Tan temprano como el 17 de enero de 1899, en junta celebrada en la Academia de
Ciencias y presidida por el mayor Davis, se anunció la división de La Habana en
cien distritos sanitarios. Al frente de los mismos se colocó a igual número de
médicos quienes, escoltados por “patrullas
de voluntarios”, darían inicio a la campaña de
saneamiento, la cual inició sus labores por la inspección de todas las casas,
según una concepción que los higienistas americanos definirían como “cleaning
the city from the inside”.21 Además de vacunar y velar por la
recogida de basuras y de animales muertos, los médicos debían de instruir a los
moradores en diversas materias e informar sobre las condiciones de
habitabilidad.
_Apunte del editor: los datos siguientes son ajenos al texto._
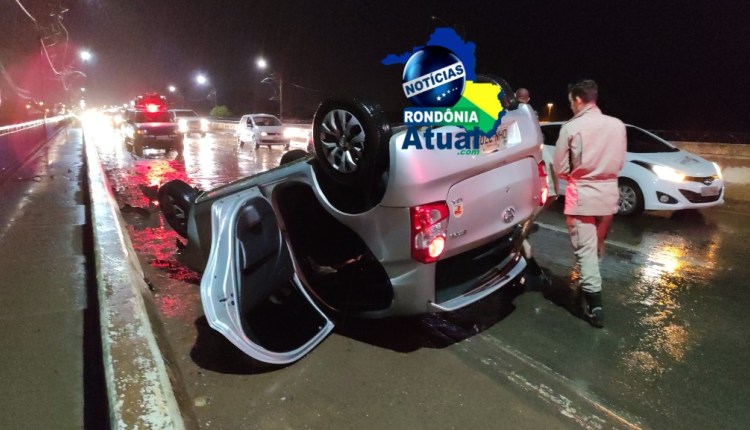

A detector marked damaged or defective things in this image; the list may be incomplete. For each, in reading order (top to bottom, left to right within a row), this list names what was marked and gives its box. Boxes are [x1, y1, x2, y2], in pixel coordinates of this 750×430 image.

overturned silver car [159, 80, 548, 362]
Para ello se confeccionó una encuesta que registraba el número
de familias, sus componentes, el estado de letrinas y cloacas, las enfermedades
detectadas, la condición de los inquilinos, su mayor o menor pobreza, entre
otros indicadores. De esta minuciosa empresa -en realidad un rastreo sin
precedentes en la historia física del país- se concluyó que sólo el 10 % de las
casas de la capital tenía inodoros, comenzando de inmediato la importación de
piezas sanitarias. Instalados profusamente y a precios módicos, incluso antes
de concluido el sistema de tuberías y la nueva red de alcantarillados, de pronto
la ciudad se vio colmada de water closet y lavamanos.22
Aunque en esta misma sesión académica se determinó
establecer el Servicio de Cuarentenas, los resultados sanitarios no se hicieron
esperar, descansando los mismos en un modelo capilar (los médicos hablaban de “cuarentena interior”) basado en la identificación y el control de focos, es decir, en una
vigilancia individualizada que condujo al disciplinamiento de la ciudad. Si
bien no exenta de antecedentes en la isla, esta distribución panóptica rompía
el clásico binarismo dentro/fuera, viniendo a reforzar (y a ser reforzada por)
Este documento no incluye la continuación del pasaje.